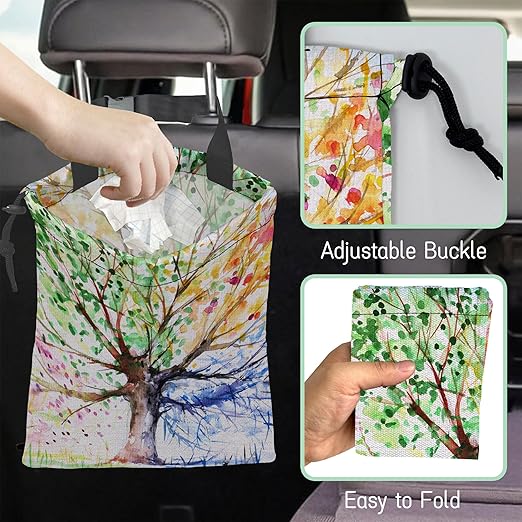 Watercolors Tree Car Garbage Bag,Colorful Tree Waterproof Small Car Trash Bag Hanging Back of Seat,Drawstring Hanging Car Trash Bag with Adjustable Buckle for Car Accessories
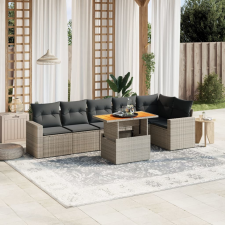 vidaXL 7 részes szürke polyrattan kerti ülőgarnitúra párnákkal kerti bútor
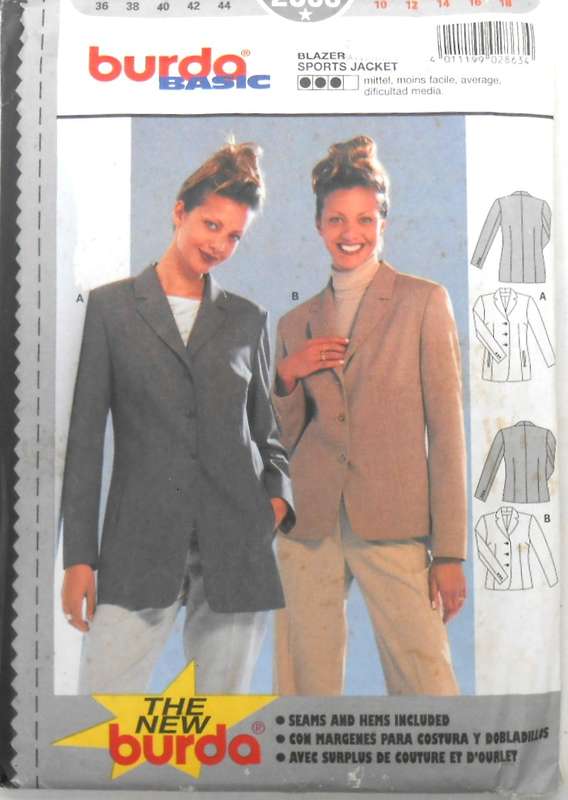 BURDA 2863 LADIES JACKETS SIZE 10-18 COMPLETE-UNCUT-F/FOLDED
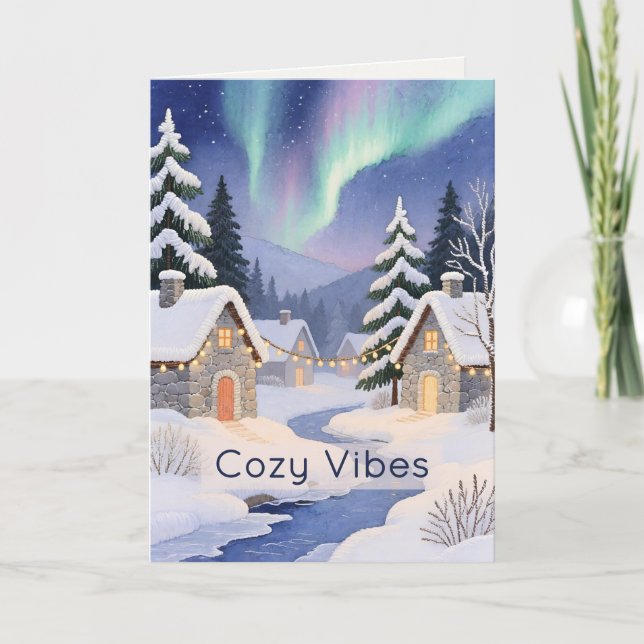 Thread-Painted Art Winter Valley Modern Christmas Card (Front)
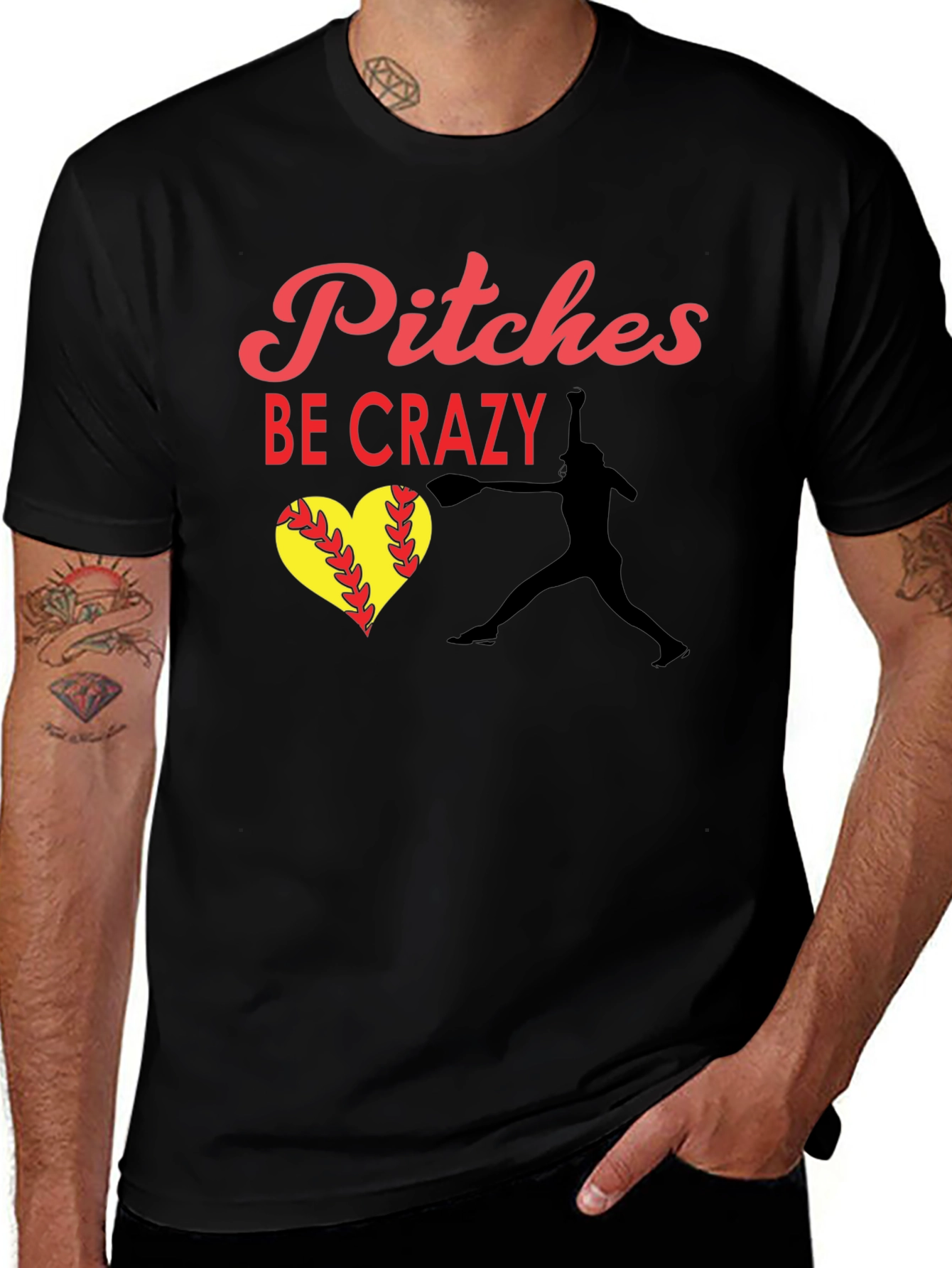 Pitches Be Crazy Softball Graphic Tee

★ ★ ★

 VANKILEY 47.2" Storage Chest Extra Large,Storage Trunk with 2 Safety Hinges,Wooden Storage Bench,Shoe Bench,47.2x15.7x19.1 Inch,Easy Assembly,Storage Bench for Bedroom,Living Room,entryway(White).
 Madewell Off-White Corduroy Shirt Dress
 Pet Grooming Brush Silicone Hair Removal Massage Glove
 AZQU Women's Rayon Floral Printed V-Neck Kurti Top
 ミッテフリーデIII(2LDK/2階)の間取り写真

★ ★ ★

**ASSIGNMENT:** Please reproduce, exactly as they appear above, the lines from the line containing "AZQU Women's Rayon" up to and including the line containing "ミッテフリーデIII(2LDK/2階)の間取り写真".

**TASK ANSWER:**
 AZQU Women's Rayon Floral Printed V-Neck Kurti Top
 ミッテフリーデIII(2LDK/2階)の間取り写真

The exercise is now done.